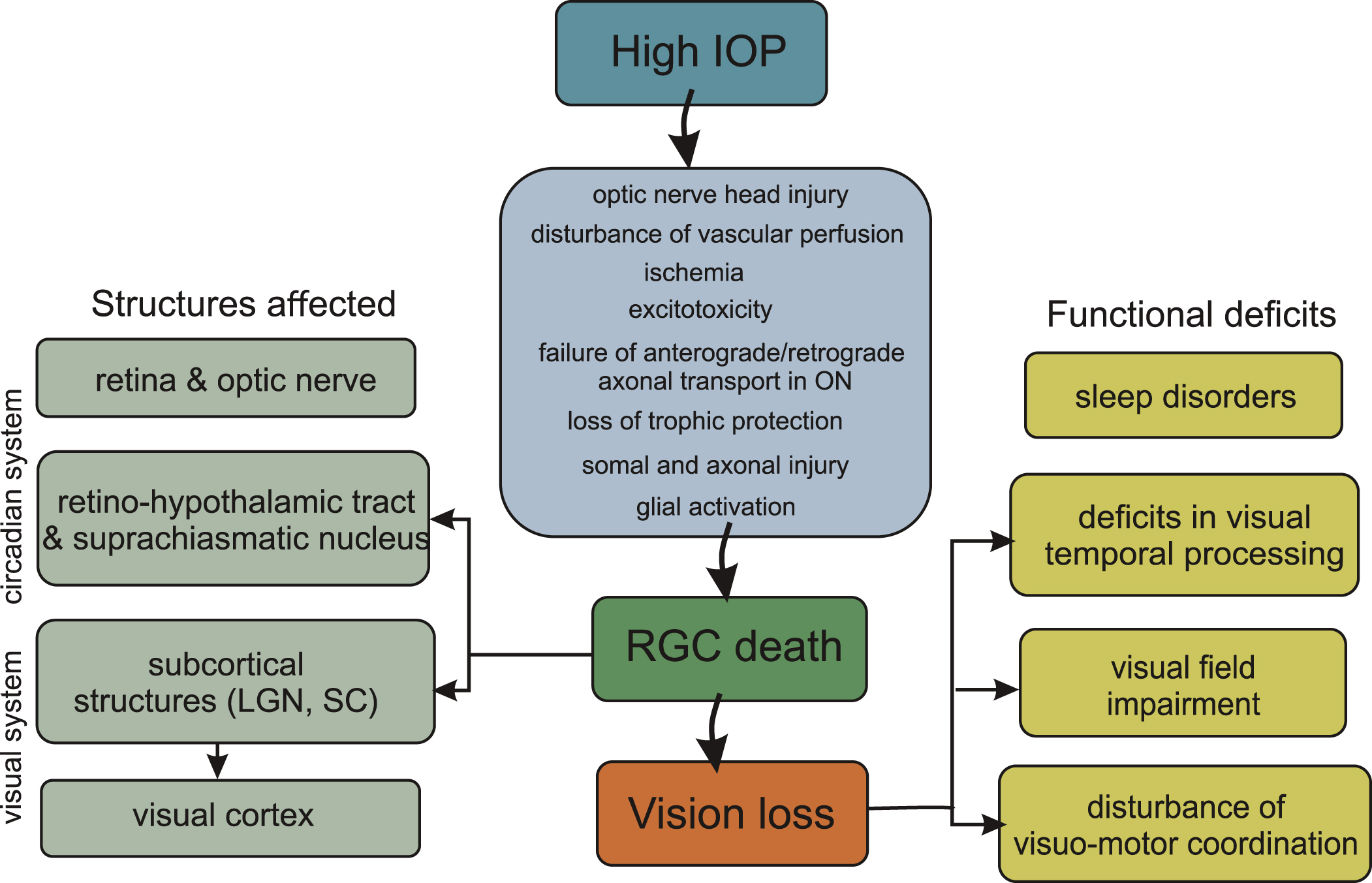 Flow diagram showing key factors involved in the pathogenesis of glaucoma triggered by elevated intraocular pressure and its structural and functional consequences. IOP – intraocular pressure; LGN – lateral geniculate nucleus; ON – optic nerve; RGC – retinal ganglion cell; SC – superior colliculus.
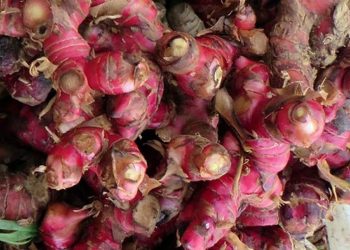 Riset Herbal Indonesia untuk Anti Virus Covid-19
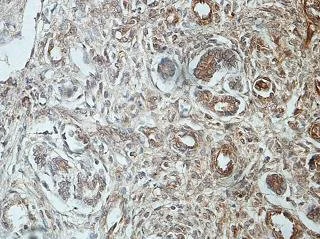 Immunohistochemistry (Formalin/PFA-fixed paraffin-embedded sections) - Anti-Insulin Receptor antibody (AB206849)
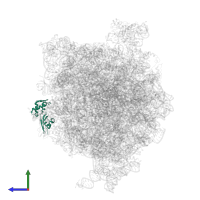 Large ribosomal subunit protein uL11 in PDB entry 4v6l, assembly 1, side view.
___
**PROBLEM**
Working from the line that contains "Immunohistochemistry (Formalin/PFA-fixed paraffin-embedded" to the last line of the listing, please quote each line exactly, pictures excluded.

**TASK OUTPUT**
 Immunohistochemistry (Formalin/PFA-fixed paraffin-embedded sections) - Anti-Insulin Receptor antibody (AB206849)
 Large ribosomal subunit protein uL11 in PDB entry 4v6l, assembly 1, side view.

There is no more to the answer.